Fresh humanitarian crisis hits Ethiopia
A fresh refugee crisis has erupted in strife-riven Ethiopia after thousands of Eritreans were forced to flee a camp when fighting flared between Ethiopian government troops and separatists in the Afar region.
The UN refugee agency UNHCR says that unidentified assailants targeted Barahle camp earlier this month after fighting engulfed the area.
“Refugees who trekked the long distance to the regional capital in Semera reported that armed men entered the camp on 3 February, stole their belongings and occupied their homes,” a UNHCR statement said.
“According to their testimonies, at least five refugees were killed. Family members lost one another in the chaos of fleeing the camp.”
The attack is the latest example of Eritrean nationals living as refugees in Ethiopia coming under fire, since conflict erupted and spread from the northern Ethiopian region of Tigray in November 2020.
An investigation by the UN human rights office OHCHR and the Ethiopian Human Rights Commission in November reported on how Tigrayan separatist and national Ethiopian fighters the lives of thousands at risk in Shimelba camp, between November 2020 and January 2021.
Following the attack in Afar, more than 4,000 refugees reached Semera, where UNHCR and the Ethiopian Refugees and Returnees Service are providing shelter, relief items, food as well as clean water.
Another 10,000 refugees are also said to be living in Afdera, a town 225 kilometres from Semera. Yet more are believed to have fled towards the towns of Altefa and Dabure, further inland.”
Last month, the UNHCR urged the international community to do more to end the fighting in northern Ethiopia after finally reaching Eritrean refugees in Tigray region who were suffering food shortages.
“With yet another refugee camp severely impacted, UNHCR remains extremely worried about the safety and wellbeing of thousands of Eritrean refugees caught up in the conflict,” A UNHCR spokesperson said.
“Hostilities must cease and humanitarian access must be provided so that we can be there and help the people who have urgent needs.”
The conflict in Tigray flared in November 2020 when Prime Minister Abiy Ahmed ordered a military intervention against the region’s powerful ruling party, the Tigray People’s Liberation Front (TPLF), after reports of attacks on government military bases.
Aid operations in Tigray, which hosts around 200,000 internally displaced people and refugees from neighbouring Eritrea, have been severely curtailed since.
Tensions between the TPLF and the federal government have been escalating since September 2020, when Addis Ababa indefinitely postponed regional and national elections because of the COVID-19 pandemic. TPLF officials opposed the decision and organised their own elections.

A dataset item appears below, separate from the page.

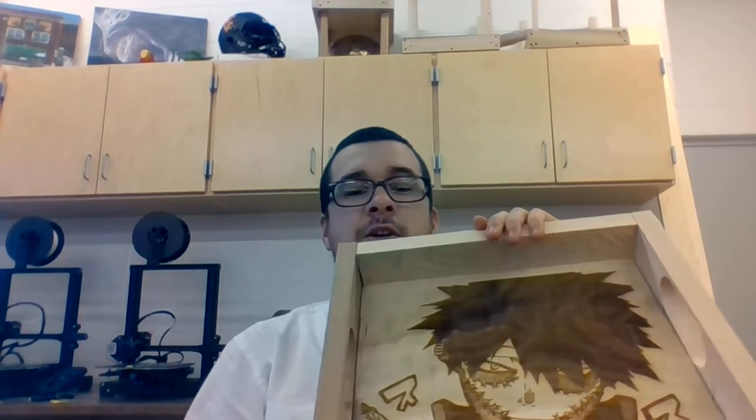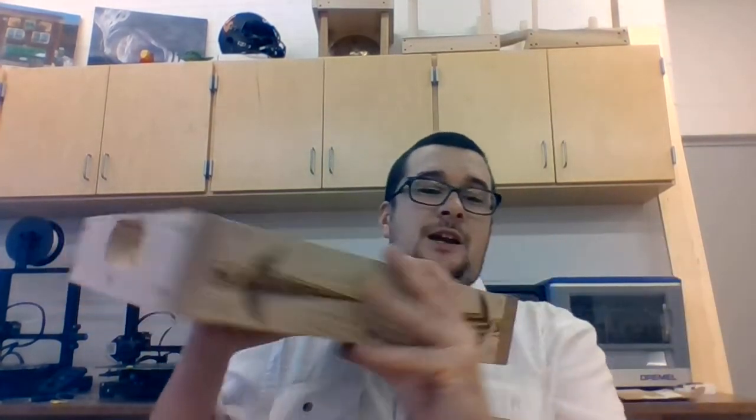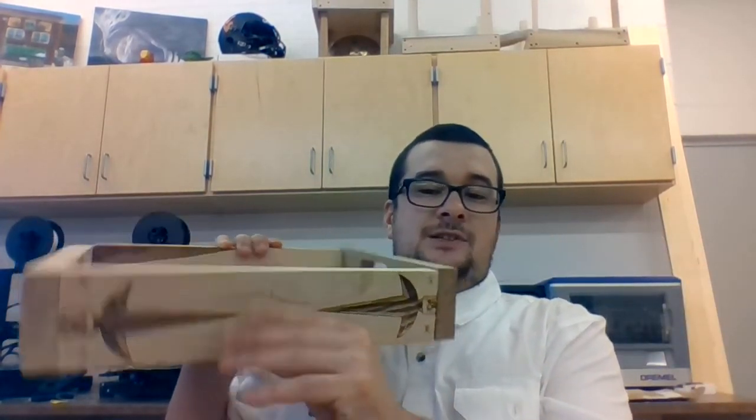This is one from last year. A kid made a serving tray and engraved the sides with things from anime. So the kids get to pick one small woodshop project for the end.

An ethnic Tigrayan party, the TPLF was the dominant force in Ethiopian politics until Abiy took office in 2018. Its members have since lost positions within the central government, and several officials have been arrested for corruption and human rights abuses.
Just six percent of Ethiopia’s more than 100 million population live in Tigray, but local officials have dominated the country politically since the TPLF led a guerrilla struggle that defeated the country’s Marxist junta, known as the Derg, in 1991.

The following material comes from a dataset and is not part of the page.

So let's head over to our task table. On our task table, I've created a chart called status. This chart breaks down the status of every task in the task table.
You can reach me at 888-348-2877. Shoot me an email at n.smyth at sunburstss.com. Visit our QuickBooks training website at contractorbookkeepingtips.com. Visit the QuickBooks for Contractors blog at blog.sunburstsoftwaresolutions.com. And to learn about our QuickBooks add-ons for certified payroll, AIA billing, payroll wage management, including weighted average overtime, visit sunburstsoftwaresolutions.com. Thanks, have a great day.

In power, the TPLF introduced a new constitution that saw Ethiopia divided into nine ethnically based regions – each with their own security forces, parliaments, and the right to secede.
The party was the driving force within the Ethiopian People’s Revolutionary Democratic Front (EPRDF), a coalition of ethnic parties that was controlled by the TPLF and ruled with an iron fist for almost 30 years.
The removal of Tigrayan officials after Abiy – an ethnic Oromo – came to power on the back of mass protests against the EPRDF, fuelled by a sense of ethnic discrimination among party members.
Then, last November, Abiy dissolved the EPRDF, creating a “pan-Ethiopian” national party, known as the Prosperity Party, which opposition groups considered an attempt to centralise state power and deconstruct the federal system. The TPLF refused to join.
Since the TPLF won regional elections in September, both sides have described each other as illegitimate, while the finance ministry in Addis Ababa has frozen money to Mekelle, Tigray’s capital – a move TPLF leaders have said was a “declaration of war”.
Tigrayan leaders have complained of being unfairly targeted in corruption prosecutions, removed from top positions and blamed for the country’s problems.
Both sides of the conflict are heavily armed. The national army has redeployed troops to Tigray from across Ethiopia amid concerns about the loyalty of the Northern Command, which constitutes a large proportion of the country’s overall number of troops.